Она была неловка, много, часто, излишне подробно извинялась и чаще вызывала этой манерой обожание и восхищение, нежели равнодушие и ответную вялость. Ее или почитали, или ненавидели. Ее устраивала такая человеческая атмосфера вокруг, потому что именно такими были настоящие героини тех многостраничных томов, которые она поглощала регулярно и без которых не мыслила себя. Великие женщины из великих томов проводили внутри нее ежедневную перекличку, раскачивались на качелях ее нервных волокон, перемигивались и подкалывали друг друга.
Но все-таки на других качелях раскачивалась она сама, обожая деньги, грезя о них. Она хотела богатства и знала бы, что с ним делать и как в нем жить. Она почувствовала в себе первый росток этого греха – а она ощутила грубую фактуру подобного удовольствия именно как грех – когда впервые купила себе баснословно дорогие сапоги. Замшевые, черные, выше колена. Делающие ее откровенно обольстительной.

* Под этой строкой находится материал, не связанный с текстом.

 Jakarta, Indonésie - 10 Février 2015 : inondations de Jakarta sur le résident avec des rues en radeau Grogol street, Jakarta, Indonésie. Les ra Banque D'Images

Она запомнила это удовольствие, сформулировав происшедшее как «нашалила», и продолжила дальше, шокируя безумным размахом покупок и себя, и других.
Платья, блузки, часы, бриллианты. Сумки – дюжинами за год, равно как и сапоги, туфли, жакеты. Для этих ее кож в доме была специальная комната, туда относилось то, что больше не жгло, что слишком пропиталось запахом ее темной кожи или уже выстрелило пару раз в невинную жертву, которую она и не думала превращать в собственную добычу. Раздавала не глядя. Несносное притяжение, которое вещь источала своей красотой и дороговизной, выветривалось со скоростью чайного аромата. Она потом почти не помнила подробностей ни покупки, ни расставания, не помнила сумм, не помнила, чем жертвовала ради обладания вещью.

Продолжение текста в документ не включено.